Quelle différence y a-t-il entre une conversation téléphonique et un échange écrit ? Des études montrent que ce n'est pas leur contenu qui diffère, mais le degré d'engagement des personnes.

Quels sont les usages reconnus de la conversation téléphonique privée ?

Les spécialistes distinguent deux types d'interactions : les appels utilitaires, plutôt courts entre proches, et les échanges interpersonnels, plus longs, qui sont liés à la distance ou à la rareté des contacts. Quand on n'a pas vu quelqu'un depuis longtemps, on va passer par une structure de conversation à plusieurs thèmes : d'abord les demandes d'informations, puis des sujets collatéraux qui vont faire durer l'échange.

Curieusement, c'est la communication à longue distance, celle qui ressemble le plus à la correspondance écrite, qui fait figure d'usage prototypique du téléphone : le téléphone, pense-t-on, sert à abolir l'espace et à entretenir des liens entre les personnes séparées. En réalité, les études montrent que la téléphonie à usage privé sert surtout dans le cercle des relations les plus proches. Les gens avec qui l'on parle en face et de vive voix sont aussi ceux que l'on appelle le plus souvent.

Ces appels téléphoniques ont à peu près le même contenu que les conversations de la vie quotidienne. D'abord, il y a tout ce qui relève de l'organisation des activités. Pour se retrouver, il faut aussi s'appeler. Cet usage régulateur a été décuplé avec le mobile : maintenant, les gens ne se donnent plus rendez-vous à une heure et en un lieu précis. Ils font de la navigation d'approche et s'appellent dix fois jusqu'à ce qu'ils se retrouvent.

Qu'est-ce qui distingue fondamentalement un échange écrit et un échange oral ?
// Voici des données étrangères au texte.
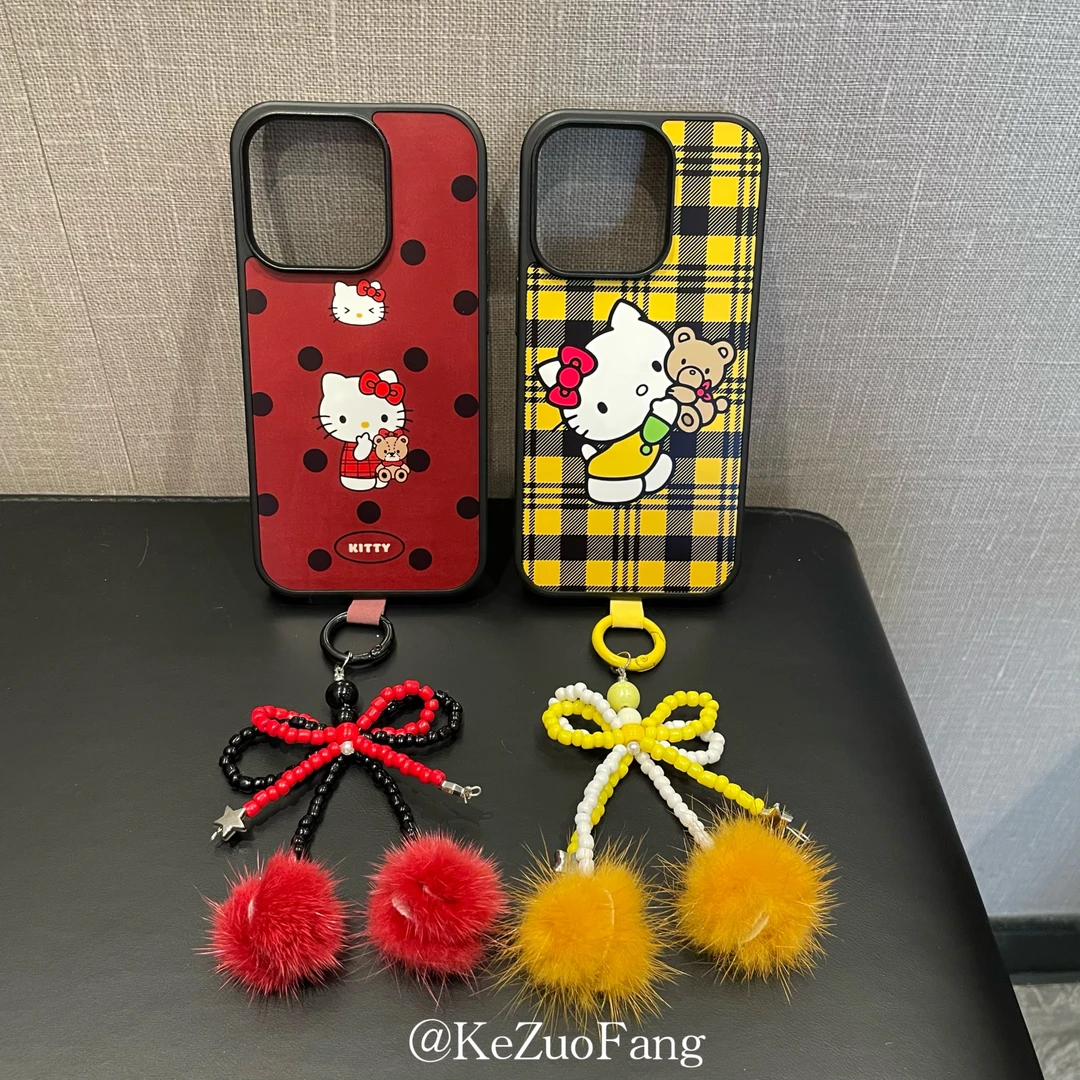 适用于苹果iPhone16/15/14/13可爱格纹凯蒂猫卡通防摔全包手机壳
On peut le comprendre d'autant mieux aujourd'hui que les limites de l'oral et de l'écrit sont assez facilement brouillées par la technique. Par exemple avec les messageries informatiques, vous pouvez obtenir des vitesses d'échange qui se rapprochent de celle d'une conversation. Du coup, les énoncés eux-mêmes se transforment et sont aussi allusifs et imprécis que peuvent l'être des phrases dites à l'oral. Si vous ralentissez le rythme des échanges, comme avec le courriel, alors vous vous retrouvez avec le style correspondance écrite, quand même plus formel. On pense donc que le facteur temps est essentiel : c'est lui qui permet ou non de maintenir l'idée d'un contexte stable, d'une coprésence partagée par les deux interlocuteurs. Dès que la continuité temporelle se brise, alors le contexte aussi, et il faut avoir recours à un style plus écrit, une suite d'engagements et de désengagements qui sont indiqués par des mots d'ouverture (« bonjour ») et de congé (« cordialement », « bisou »...).